- Interactive map of Suvi Do
- Country: Serbia
- Region: Southern and Eastern Serbia
- District: Nišava
- City: Niš
- Municipality: Palilula

Population (2011)
- • Total: 1,010
- Time zone: UTC+1 (CET)
- • Summer (DST): UTC+2 (CEST)

= Suvi Do (Niš) =

Suvi Do (Serbian Cyrillic: Суви До) is a suburban neighbourhood located within the Palilula municipality in the city of Niš, in the Nišava District of Serbia. This neighbourhood is situated approximately 6 kilometers southeast of downtown Niš.

==Transport ==
Suvi Do is well-connected to Niš via the city's public transportation system. The neighbourhood is served by City Transport Line No. 3, which provides direct and efficient access to various parts of Niš, including the city center. This makes commuting easy for residents and facilitates the integration of Suvi Do into the broader urban area of Niš.
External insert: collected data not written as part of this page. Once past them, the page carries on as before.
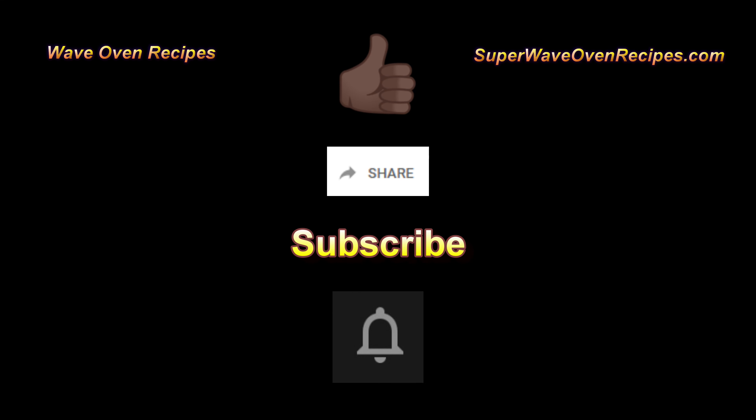Nothing here is video sponsored — nobody gives me any of this stuff. There are lots of ways to help the channel in the video description, such as my cookbook, merch, memberships, donations, and a link to the Amazon shop that pays the same price but helps the channel — even if you're doing other shopping, you can use that as a jump-off point. If you did like the video, please give it a thumbs up, share it with a friend, leave your comments, subscribe to the channel, hit that notification icon, and good eating. Bye-bye.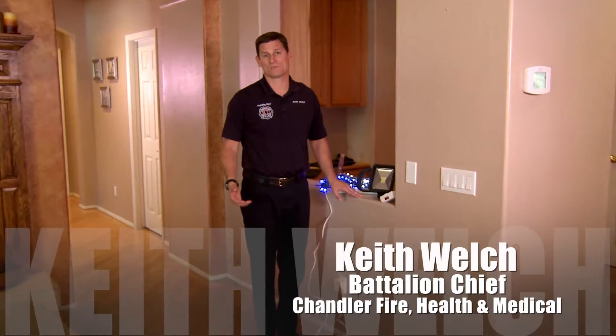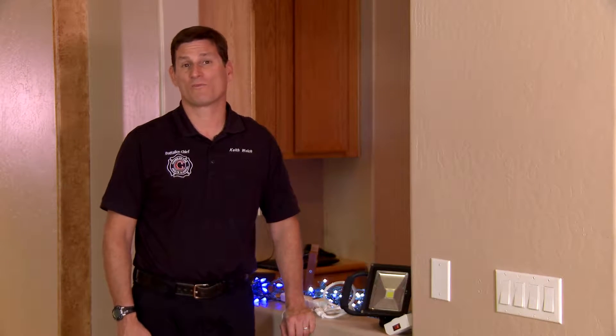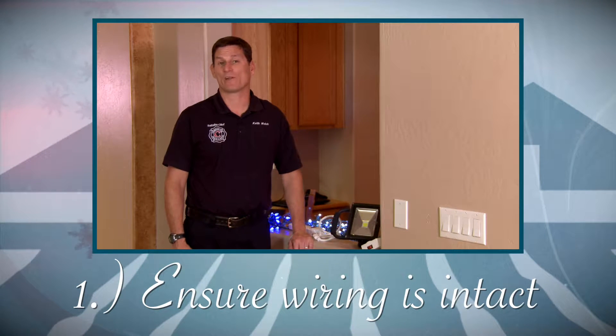During the holidays everybody puts up Christmas lights and there's a few safety tips that I'd like to give you to make sure that everybody stays safe. One, make sure before you put your lights up you're checking the lights and the wiring to make sure that there's no frayed wire and that it's all intact.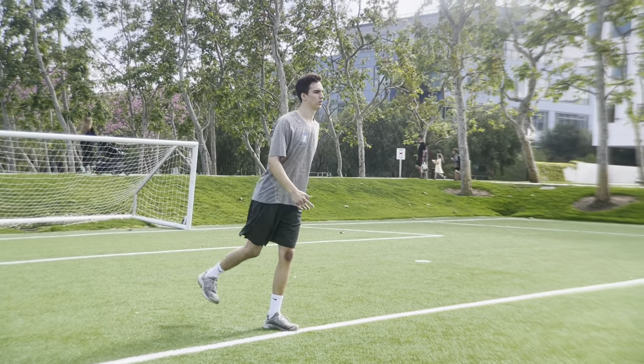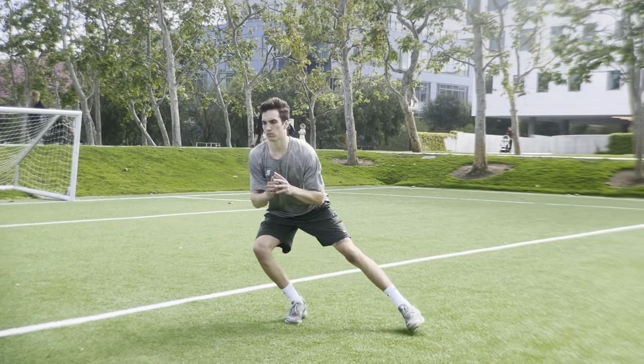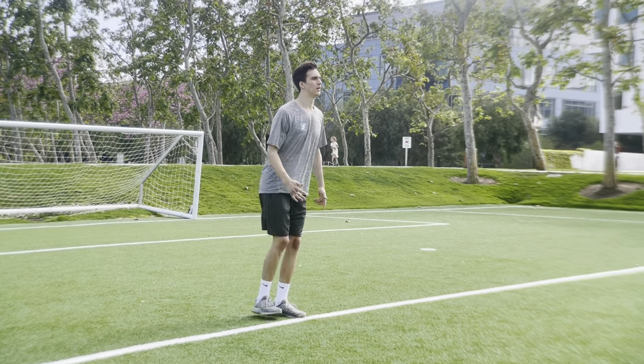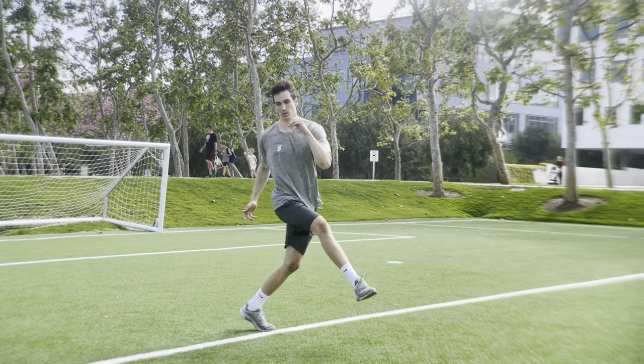Leg swing into a hockey stop — using the momentum of that leg to swing into our transition into a cut. Focus here is good shin angles and stopping on a dime.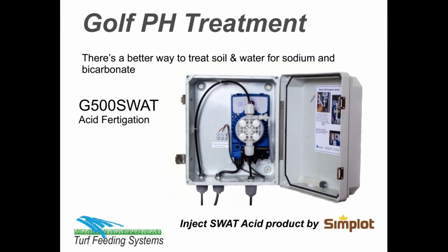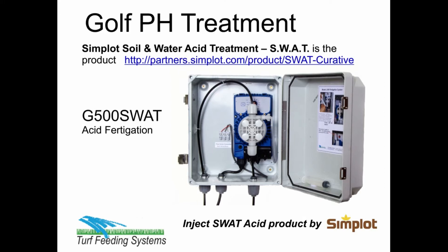There is a better way to treat soil and water for sodium and bicarbonate. It is SWAT Acid by Simplot — Simplot Soil and Water Acid Treatment. SWAT.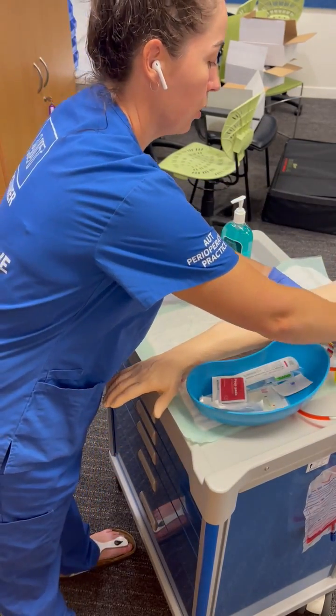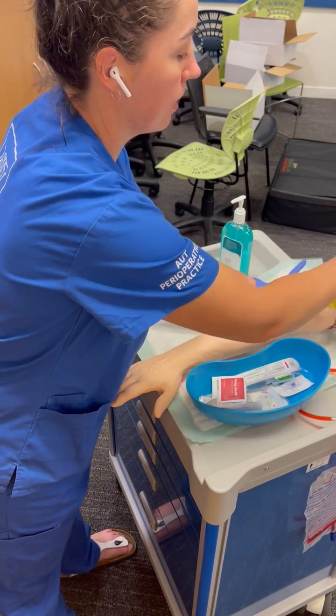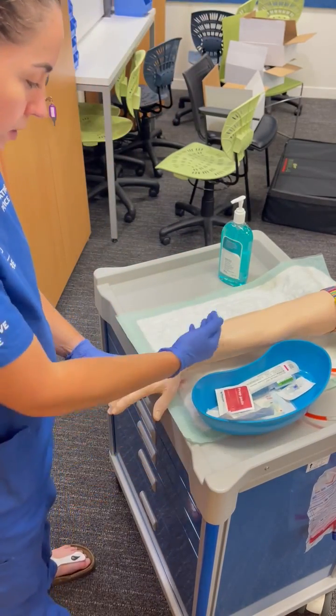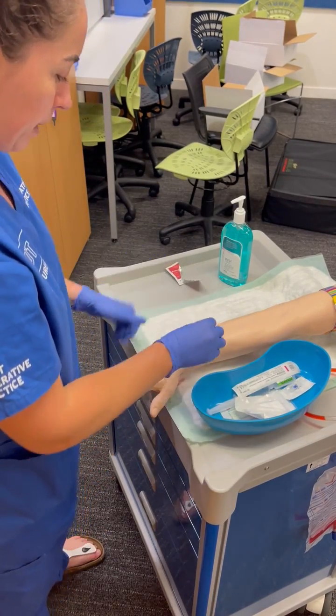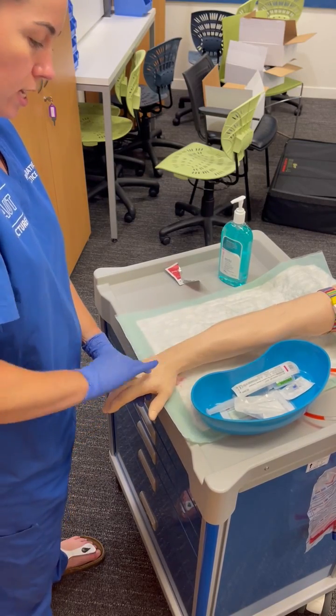Hand hygiene and then gloves. Tourniquet under the arm, like a seat belt — tight — to assist your veins. Sometimes tapping makes them come up. Prick pad, swab over and let it dry.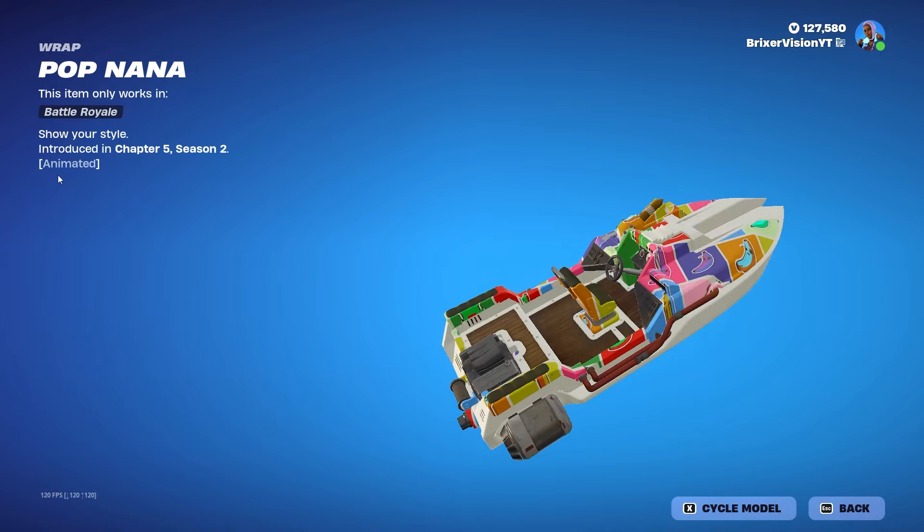Instead of paying 500 V-Bucks, I actually own the entire set, so it's only going to cost me 200 V-Bucks. We are going to be purchasing this with creator code BricksRevisionYT. It's only 200, so why the hell not? Let's go ahead and purchase it. I am very, very excited.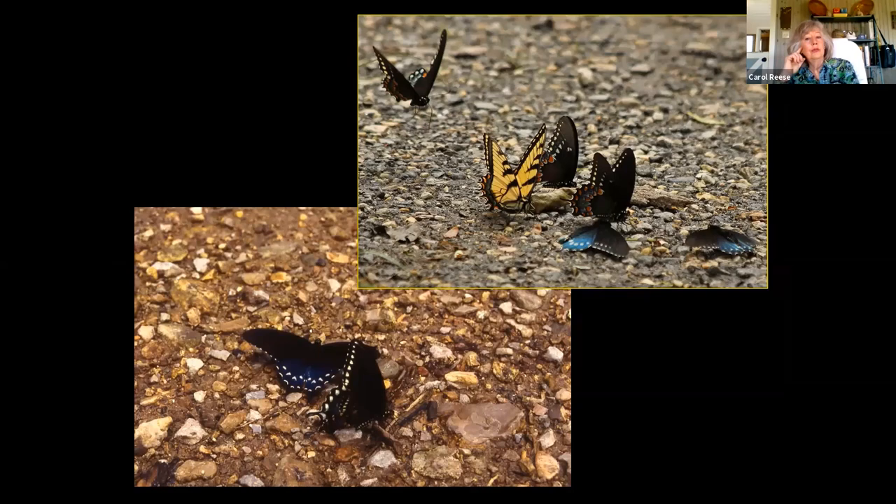Butterflies will also land on carrion or even dog feces. They are gathering up salt, minerals, and nutrients. I thought at some point I had read these were presented to the female to help her produce eggs, but it turns out what actually happens is it increases the male's potency, his virility, and his pheromone abilities to attract the females. So it makes him into a stinkier guy, which somehow helps attract the females.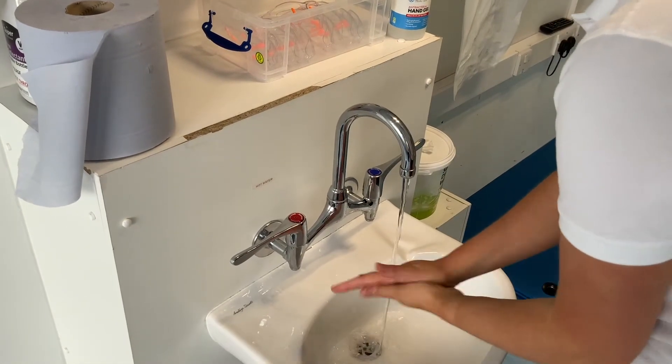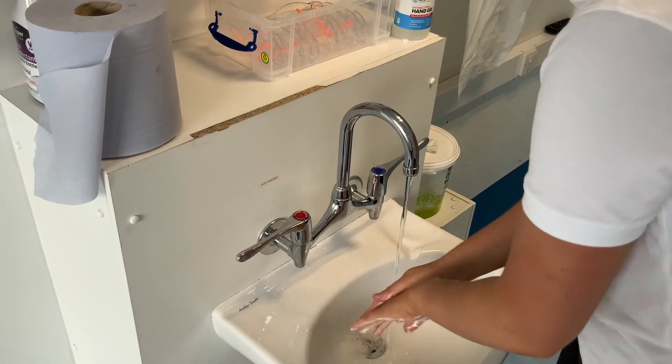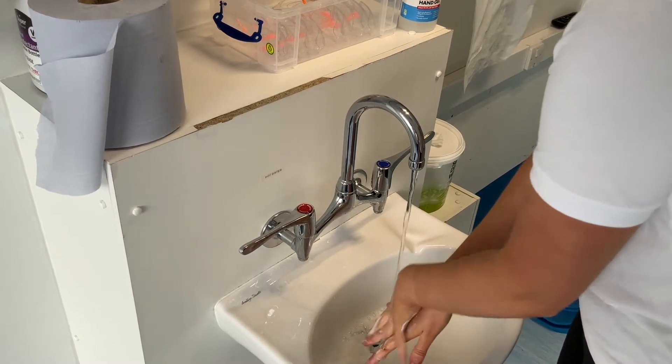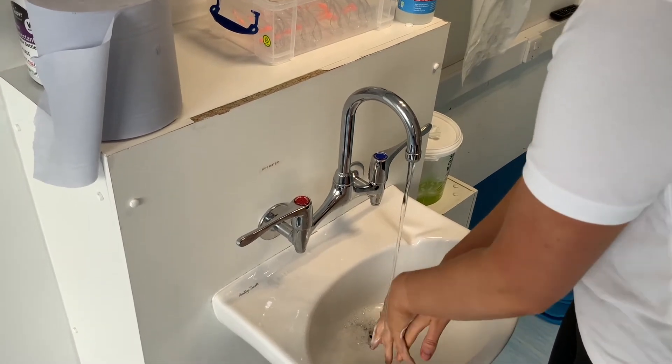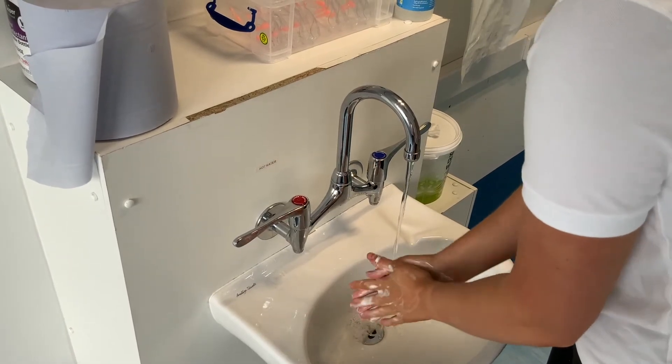I'm washing my hands following the NHS guidelines for infection control. Hand washing should take between 15 to 30 seconds. Then I am donning personal protective equipment such as a disposable apron, disposable gloves and goggles to protect myself and the patient.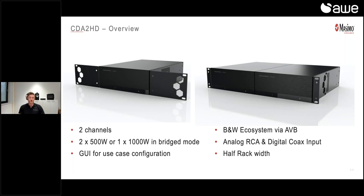Lastly, we have the very powerful new CDA2HD — again a very flexible two-channel amplifier. It's two times 500 watts, or one times 1000 watts in bridge mode. We can use the same web interface, which has a lot of similarities to the CDA4D, to set it up just the way we want. This amplifier also has AVB built-in, so we are able to bridge the CDA4D to a CDA2HD and vice versa, making it really flexible as a distribution amplifier. It has analog RCA inputs as well as digital coax inputs, the same kind as the CDA4D.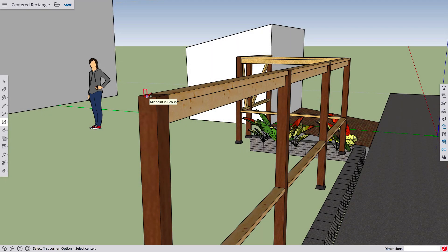Hi everyone, this is Mark at SketchUp, and I'm here today with a quick win on drawing rectangles from the center. Here I am with a backyard fence model, and I want to draw a 2x6 top board, but I want to draw it not from the corner of a rectangle as SketchUp defaults to, but from the center.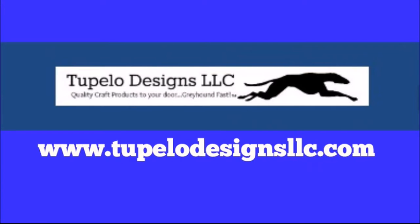This video is sponsored by Tupelo Designs LLC where US shipping is always free with no minimum purchase and international shipping is discounted. They are also home of the Daily Deals so be sure to check that out and sign up for their reward program.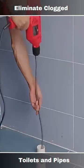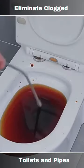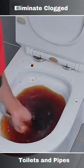Identify the location and severity of the clog. Sometimes a plunger or a drain snake can resolve minor clogs without the need for an electric dredging machine.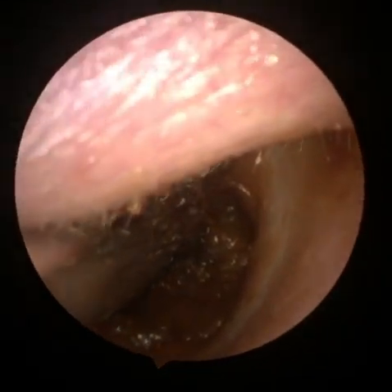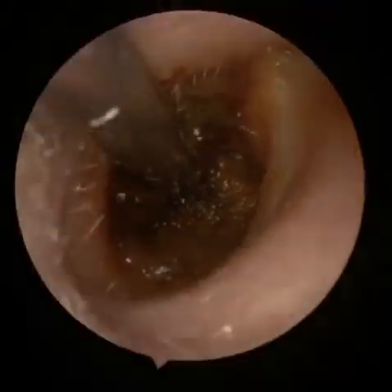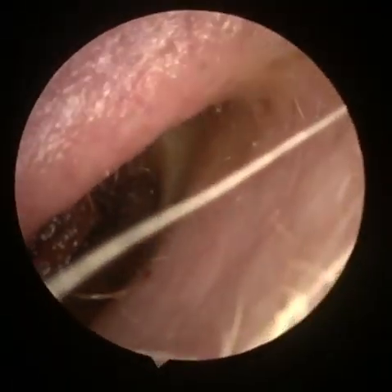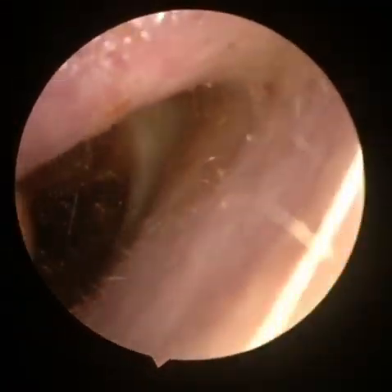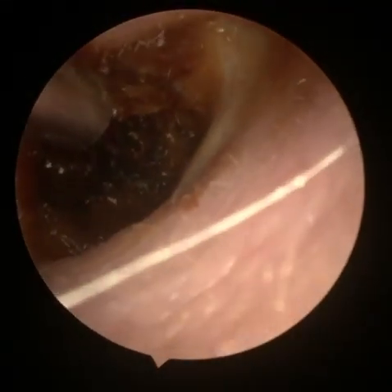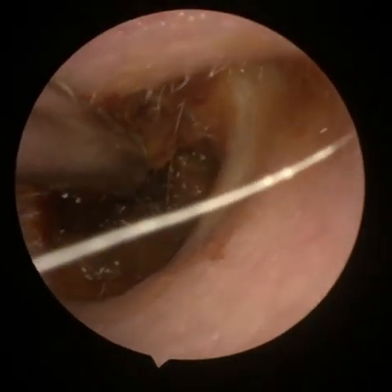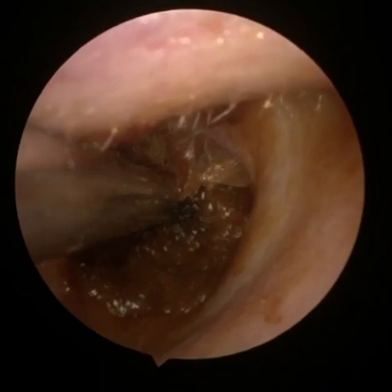We're trying to get adequate suction now. We're using state-of-the-art equipment in the form of a handheld endoscope with probably the best acuity you're going to get in terms of the field of view inside the canal. You'll notice a little bit of keratosis going on there as we move the wax away from that drum.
== Economy and Industry ==
Suvi Do hosts several large multinational companies.

== History ==
Suvi Do has a history dating back to the Middle Ages. The first recorded mention of the settlement is in a Turkish census from 1498, where it was referred to as Dol, with 10 houses, 2 unmarried men, and 3 widow's houses, contributing a total of 1,682 akçe in taxes. The toponymy of the area, such as Vlaško Brdo, indicates the historical presence of Vlach shepherds, as evidenced by the names of nearby villages like Vukmanovo, Berbatovo, and Donje Vlase.

The liberation of Niš in 1878 found Suvi Do as a small hamlet with an unknown landlord. It was a significant site during the battles for the liberation of Niš from January 4th to 8th, 1878 (Vuči Dol and Kamara).

Until 1949, Suvi Do was a small village. That year marked the establishment of the first industrial facilities for radio and X-ray equipment manufacturing (RR factories), the precursor to the later Electronic Industry (EI). This industrial development, along with its proximity to Niš, spurred the settlement of workers and led to significant socio-economic restructuring, gradually transforming Suvi Do from a traditional rural village to a suburban area with a mixed urban-rural character.

== Demographics ==
As of the 2011 census, Suvi Do had a population of 1,010, showing steady growth from 935 in 2002 and 807 in 1991. The settlement has a predominantly Serbian population.

In 1878, Suvi Do had around 20 households and approximately 150 residents. By 1930, this had increased to 45 households and 275 residents. According to the 2002 census, the village had 848 adults, with an average age of 42.1 years (40.9 for men and 43.3 for women). The average household size was 2.96 members, across 341 households.